Linked Data HomeData DescriptionLinking MethodGet Data


Crosswalk: World War II Enlistments to 1940 Census

The World War II enlistment file contains 2.6 million records from 1938-1947 linked to the 1940 Census. Compilation and cleaning of the enlistment data and linking to the census was performed by the CenSoc Project at the University of California at Berkeley. The data only include records for men. The data contain over 20 variables documenting the characteristics of the persons at the time of their enlistment, including height and weight information (see table below). Use the variable HISTID to link the data to records in the 1940 census.

Variables in the dataset

Variable Label
histid 1940 Census unique identifier
byear Year of birth
sex Sex
date_of_enlistment Date of enlistment
bpl Place of birth
residence_state State of residence at enlistment
residence_county County of residence at enlistment
place_of_enlistment Place of enlistment
education Education
grade_code Army grade (rank)
branch_code Army branch
term_of_enlistment Term of enlistment
race Race
citizenship Citizenship
civilian_occupation Civilian occupation
marital_status Marital status at enlistment
height Height at enlistment (inches)
weight_before_march_1943 Weight (pounds)
weight_or_AGCT Weight (pounds) or AGCT score*
component Army component
source Source of army personnel

* Weight data starting in 1943 are commingled with mental aptitude (AGCT) scores and sometimes other data.

Download data

Dataset (CSV)
Codebook

Citation

Users of the linked enlistment data should cite it as follows:

Goldstein, Joshua R.; Breen, Casey; Alexander, Monica; Miranda Gonzalez, Andrea; Menares, Felipe; Osborne, Maria; Snyder, Mallika; Yildirim, Ugur; Wikle, Anna, 2023, "CenSoc Army Enlistment Records", https://doi.org/10.7910/DVN/ZFVVNA, Harvard Dataverse, V2

CenSoc Methodology

The development of the WWII enlistment data by the CenSoc Project is described in this technical report, which describes related datasets and discussion of data limitations. Linking of enlistment data to the 1940 census was performed using a conservative variant of the ABE approach developed by Abramitzky, Boustan, and Eriksson, as described in the report.

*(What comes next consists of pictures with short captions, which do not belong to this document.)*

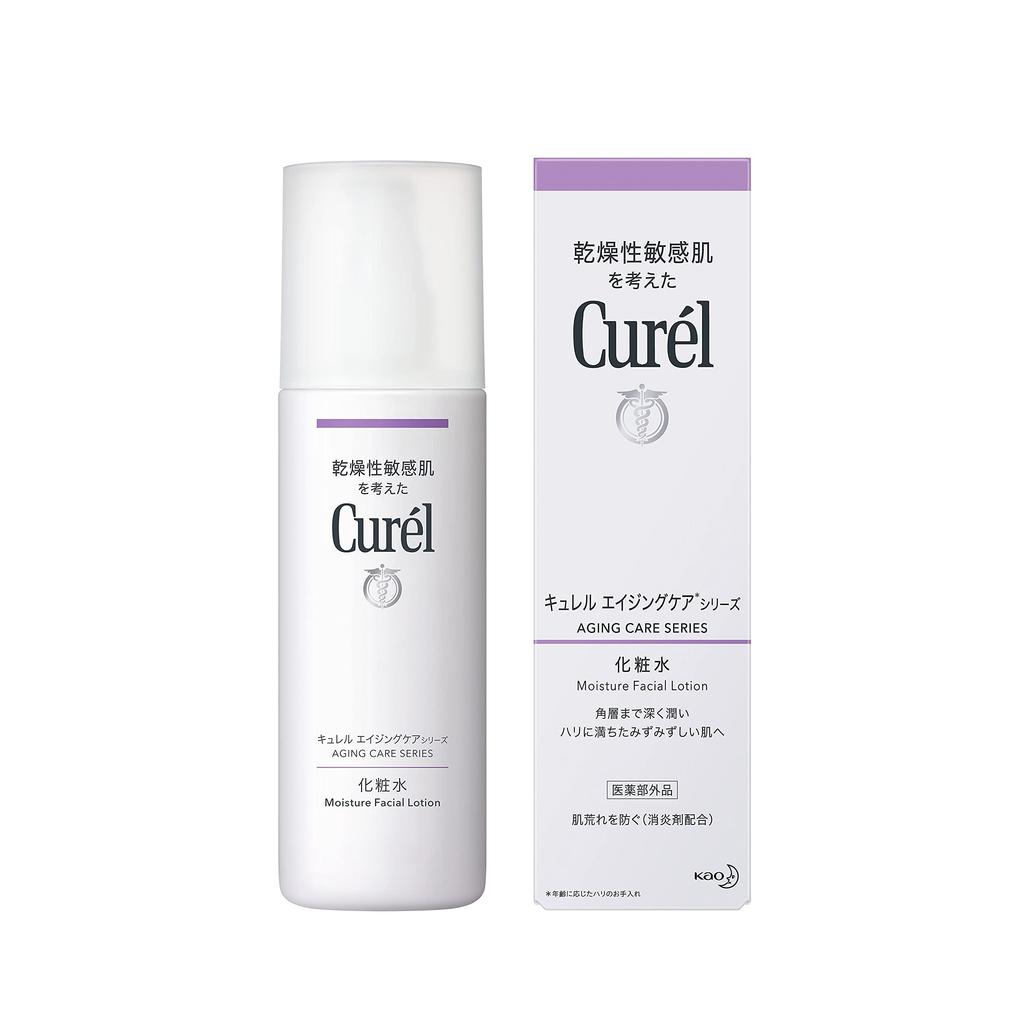 Curel Aging Care Lotion 140ml - Anti-Aging Hydrating Toner for Sensitive Skin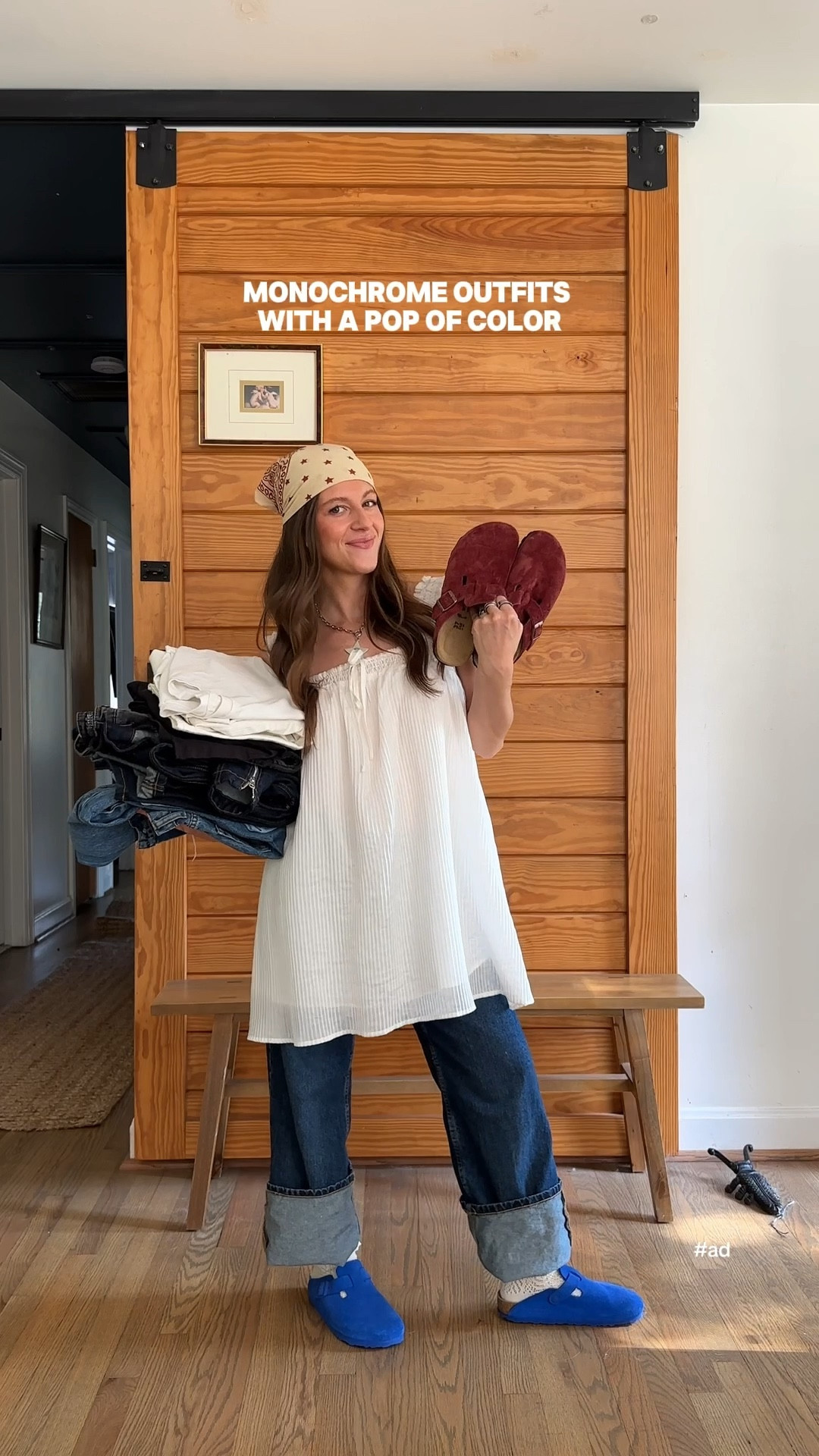 Monochrome fits with a pop of color 🤍  
Birkenstock color: Zinfandel 

#LTKStyleTip #LTKSeasonal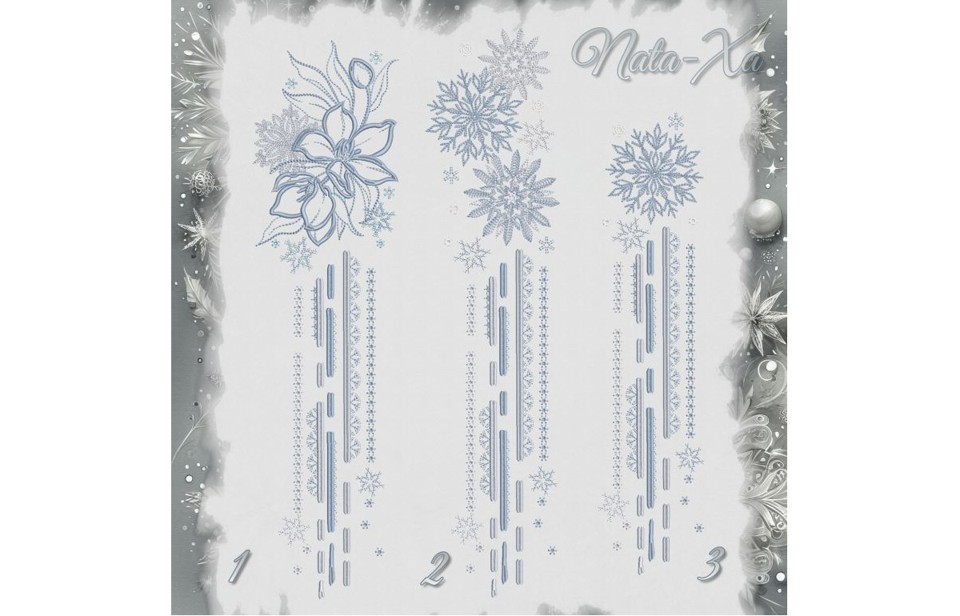 Ледяные узоры. Набор для пялец 20х36см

CenSoc offers several datasets that were developed for the study of mortality. These datasets include social security data and the full World War II enlistment dataset from which the linked data provided from this web page were drawn. The full enlistment file is considerably larger and includes women. All CenSoc data are available free of charge.

MLP Next Steps

In future releases MLP will link the enlistment records to additional census years, provide machine-readable variable and value labels, and attempt to separate the mental aptitude data that are mixed with weight information.